In 2023 meldde de groep de detectie van methaan en koolstofdioxide (CO2) in de atmosfeer van K2-18b. Dat zijn moleculen die koolstof bevatten, een ingrediënt van al het aardse leven. Ook zagen „mogelijke tekenen van DMS”, wat ook toen al tot krantenkoppen leidde.
Zulke detecties, gedaan met hulp van de James Webb-ruimtetelescoop, zijn extreem lastig uit te voeren. Het licht van de ster is veel intenser dan het licht van de exoplaneet. Op het moment dat de exoplaneet voor de ster langs beweegt, is er een kleine daling in de lichtintensiteit van de ster: zo is de exoplaneet in de eerste plaats ontdekt.
Als de planeet een atmosfeer heeft, een dunne schil gas rond de planeetbol, verandert het lichtspectrum van het sterlicht op dat moment ook een beetje, doordat moleculen in de atmosfeer dat sterlicht gedeeltelijk tegenhouden.
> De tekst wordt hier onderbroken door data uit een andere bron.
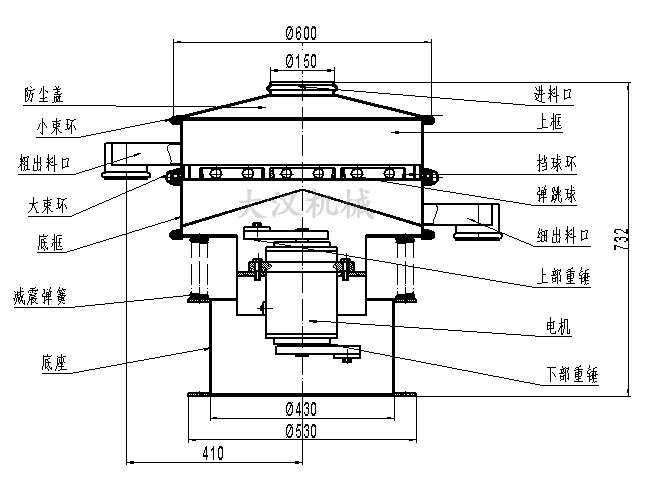 電解銅粉篩分機(jī)結(jié)構(gòu)：防塵蓋，小束環(huán)，粗出料口，大束環(huán)，底框，減振彈簧，底座，進(jìn)料口，上框，擋球環(huán)，彈跳球等。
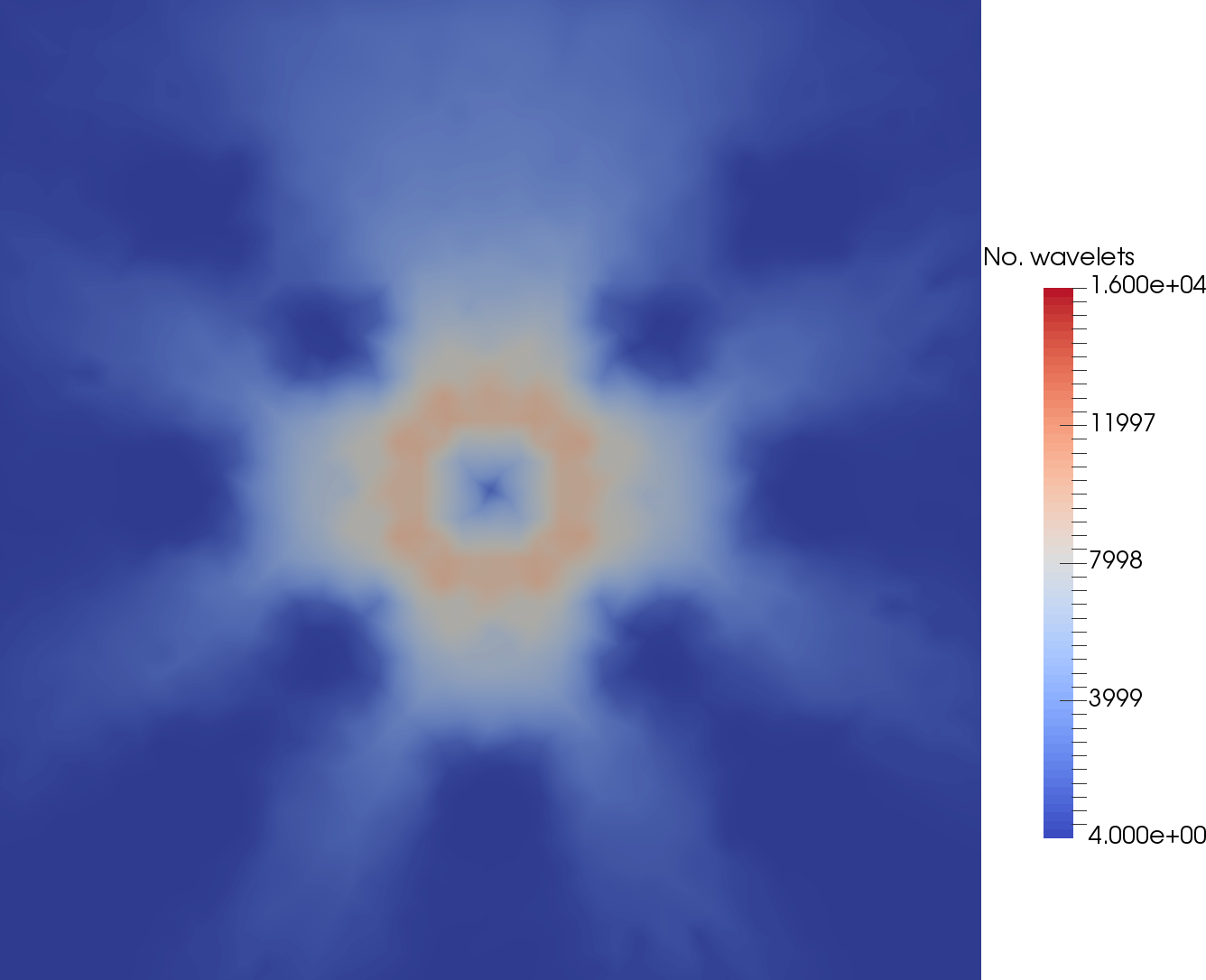 Figure 13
Aan de ‘vingerafdruk’ die de moleculen achterlaten op het spectrum van het licht is in theorie te bepalen welke moleculen dat zijn.
In de praktijk is dat lastig: er zit nogal wat ruis in de data. Ook is het infraroodspectrum lang niet zo specifiek als een echte vingerafdruk. Detecties zijn daarom sterk gekoppeld aan een chemisch model van de atmosfeer.
Kritisch over het model
Nu hebben de onderzoekers de atmosfeer nog eens onderzocht een andere spectrometer aan boord van JWST, en zijn ze zekerder van hun zaak. „Het signaal kwam sterk en duidelijk door”, zegt Madhusudhan in het persbericht. Het wetenschappelijk artikel is voorzichtiger: „Het spectrum kan niet verklaard worden door de meeste moleculen die voor K2-18b voorspeld worden, met uitzondering van DMS en DMDS.”
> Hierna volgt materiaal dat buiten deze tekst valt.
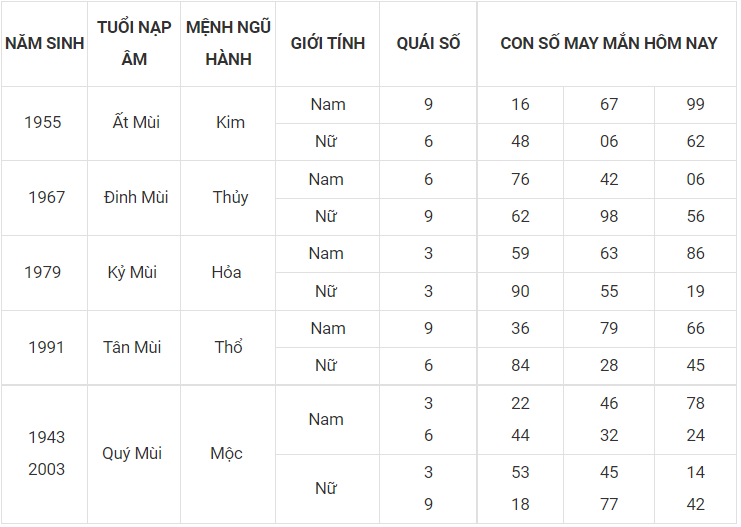 Con số may mắn hôm nay 16/11/2022 theo 12 con giáp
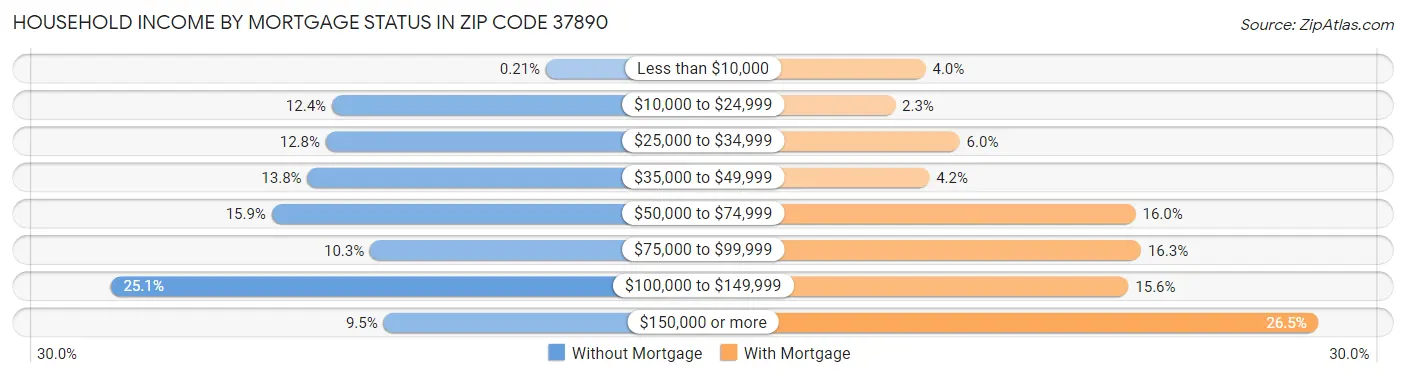 Household Income by Mortgage Status in Zip Code 37890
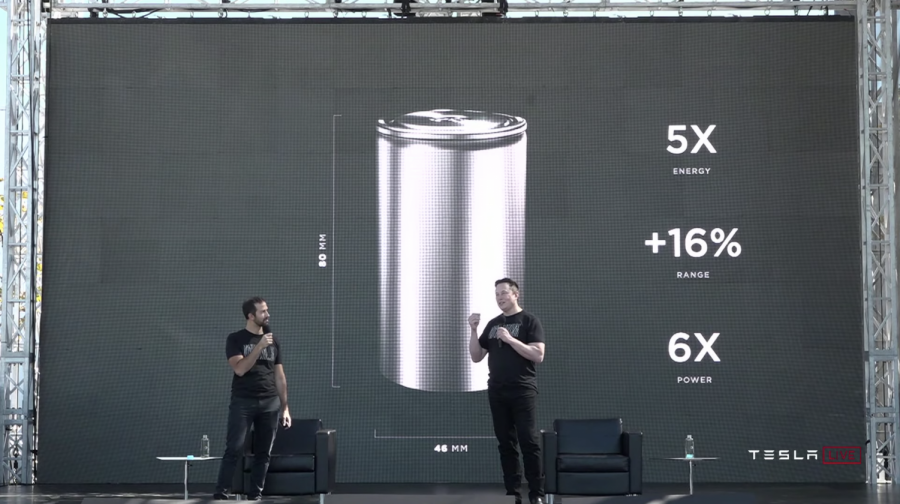 Tesla+Battery+Day+Recap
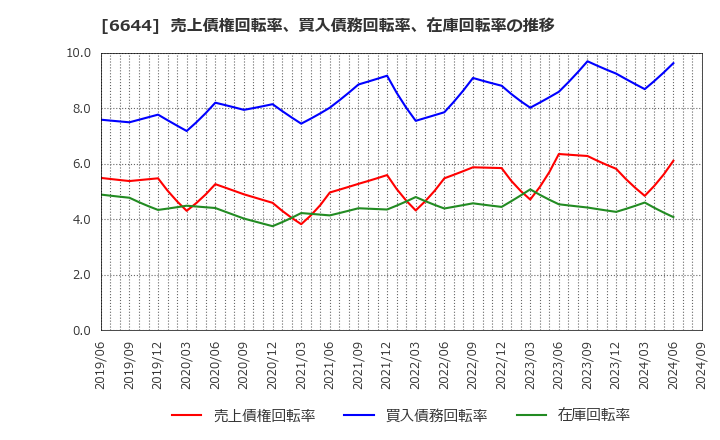 6644 大崎電気工業(株): 売上債権回転率、買入債務回転率、在庫回転率の推移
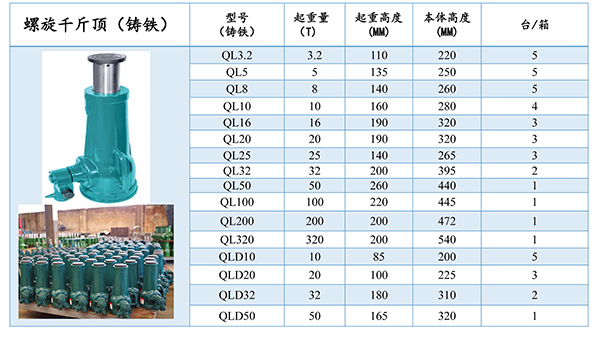 螺旋千斤顶参数1.jpg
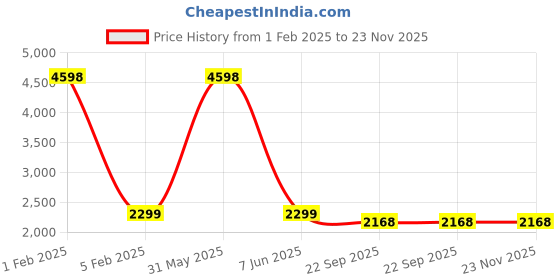 myntra.com PICCOLO Girls Ethnic Motif Woven Design Regular Kurta & Sharara With Dupatta piccolo Price History Graph from 1 Feb 2025 to 22 Nov 2025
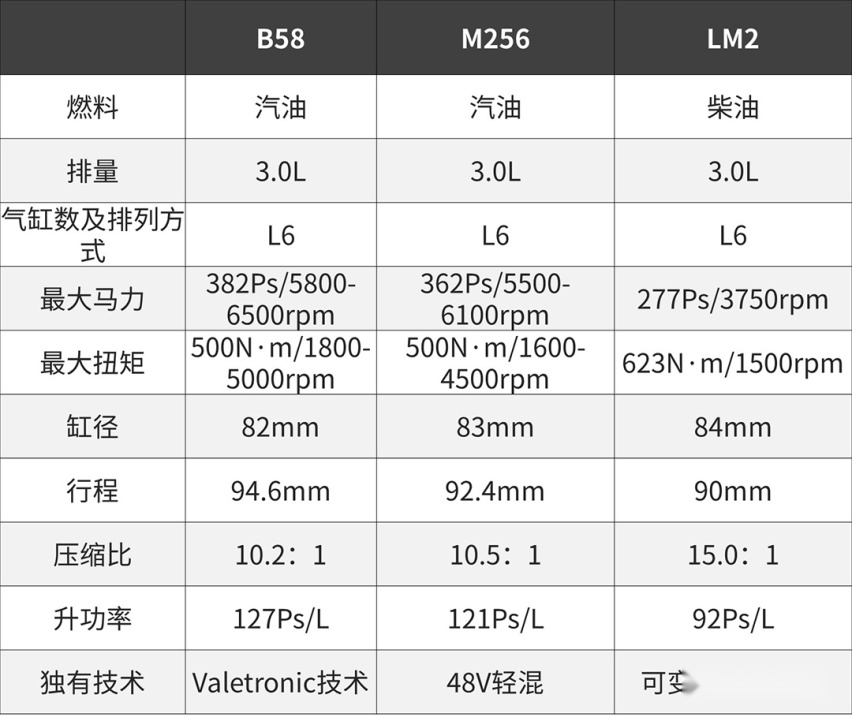 买车想买跑得快的？只看马力远远不够啊！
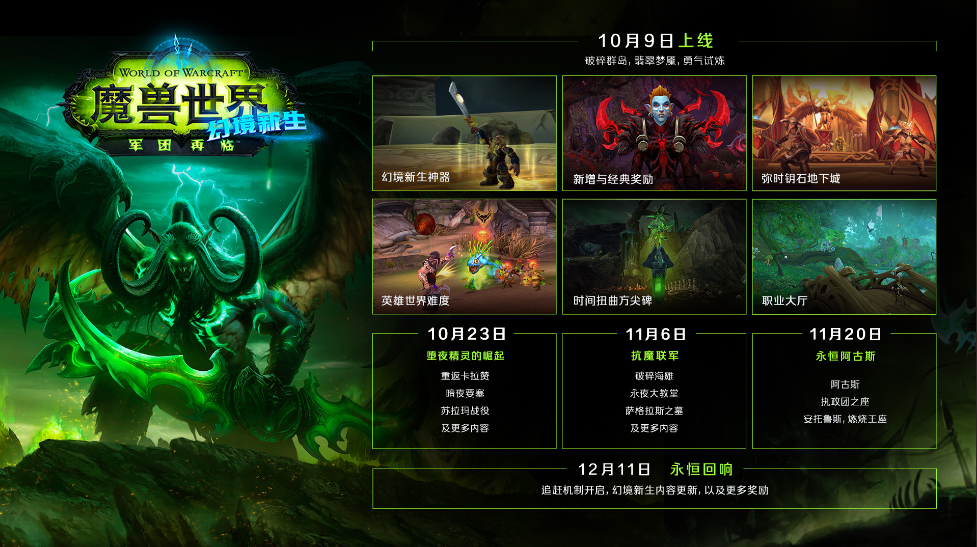 魔兽世界军团幻境P4阶段改动一览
De onderzoekers claimen een significantie van „drie sigma”, wat inhoudt dat er 0,3 procent kans is dat het signaal door toeval is ontstaan. De standaard voor zo’n belangrijke ontdekking is vijf sigma, een kans van 0,00006 procent.
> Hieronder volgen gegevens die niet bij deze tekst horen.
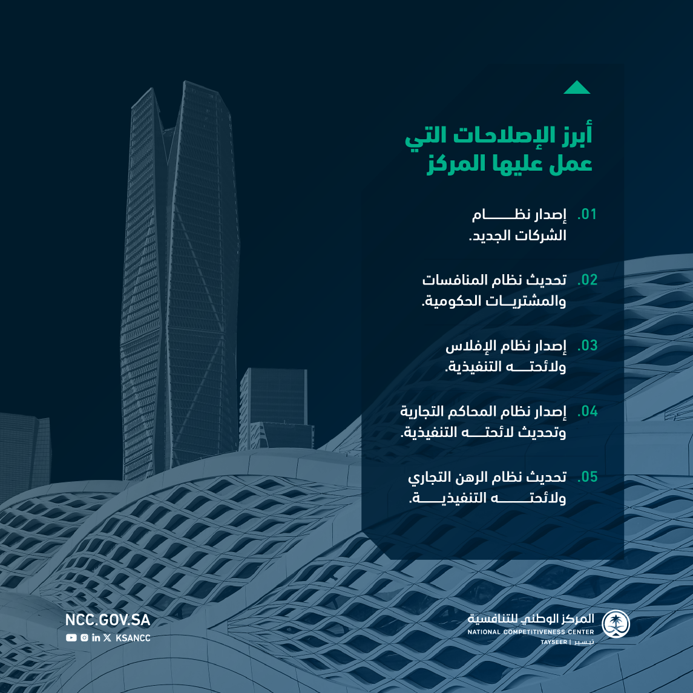تعزز الإصلاحات التي ينفذها المركز الوطني للتنافسية بالتكامل مع الجهات ذوات العلاقة في البيئة التنافسية مما يسهم في رفع ترتيب المملكة في المؤشرات والتقارير الدولية.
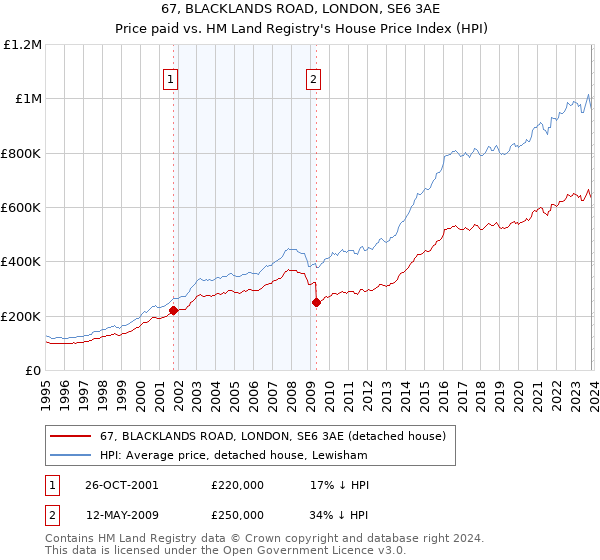 67, BLACKLANDS ROAD, LONDON, SE6 3AE: Price paid vs HM Land Registry's House Price Index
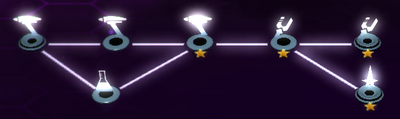 Flesh and Blood structure.png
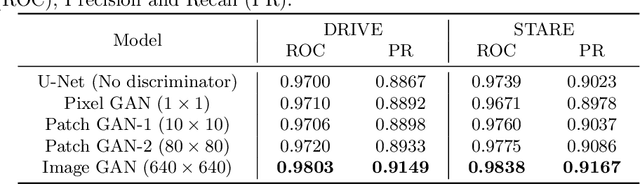 Figure 2 for Retinal Vessel Segmentation in Fundoscopic Images with Generative Adversarial Networks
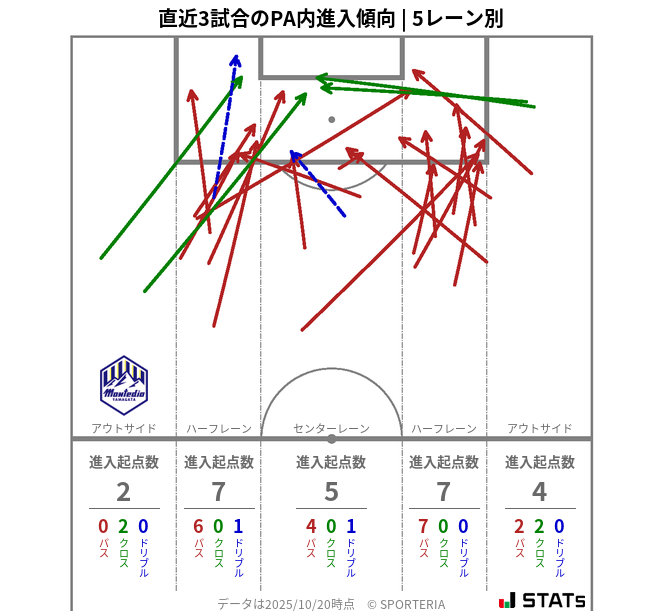 PA内への進入傾向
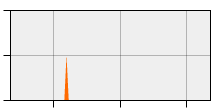 stat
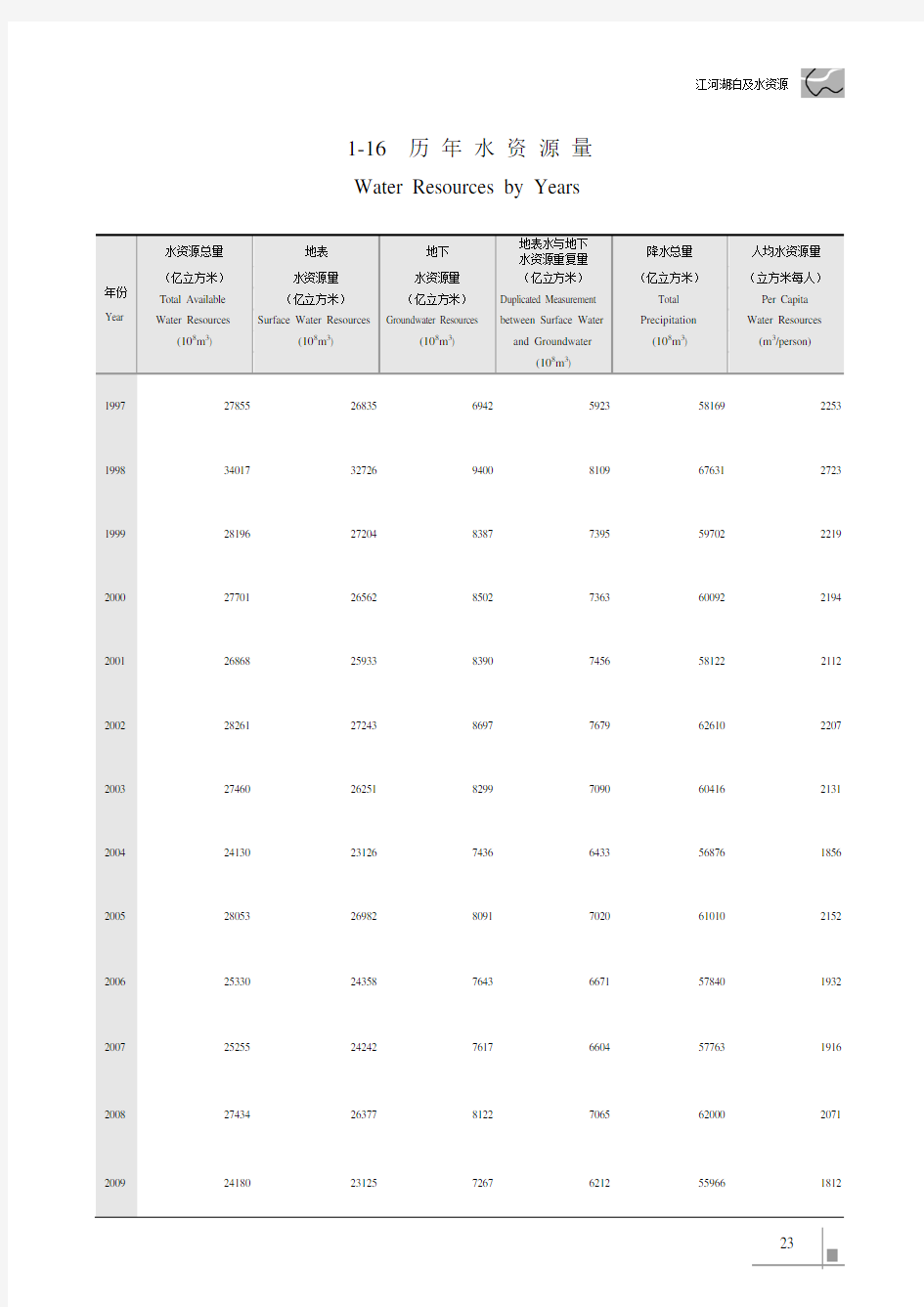 中国水利统计年鉴2010_1-16历年水资源量_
Andere onderzoekers zijn dan sceptisch. „Madhusudhan heeft een theorie dat er een nieuw soort planeet bestaat, de hycean world, en hij praat al langer naar deze theorie toe”, oordeelt Inge Loes ten Kate, astrobioloog aan de Universiteit Utrecht. Ten Kate is ook kritisch over het atmosfeermodel dat de onderzoekers gebruiken. „Dat hebben ze zelf opgesteld, en is geen model waarover andere atmosfeeronderzoekers hebben meegedacht.”
Ook zijn er wel degelijk chemische processen denkbaar om DMS en DMDS te maken, die niets met leven te maken hebben. „En in de context van het leven dat we kennen, krijg je er dan ook zwavelwaterstof bij, en dat zien we hier juist weer niet.”
‘Geen definitief bewijs’
Op Bluesky is ook astronoom Chris Lintott kritisch: „Met hun eigen code zeggen ze dat ze een 3-sigma-detectie van DMS hebben. Interessant, maar geen definitief bewijs by any stretch of the imagination. Laat staan een ‘hint van leven’.”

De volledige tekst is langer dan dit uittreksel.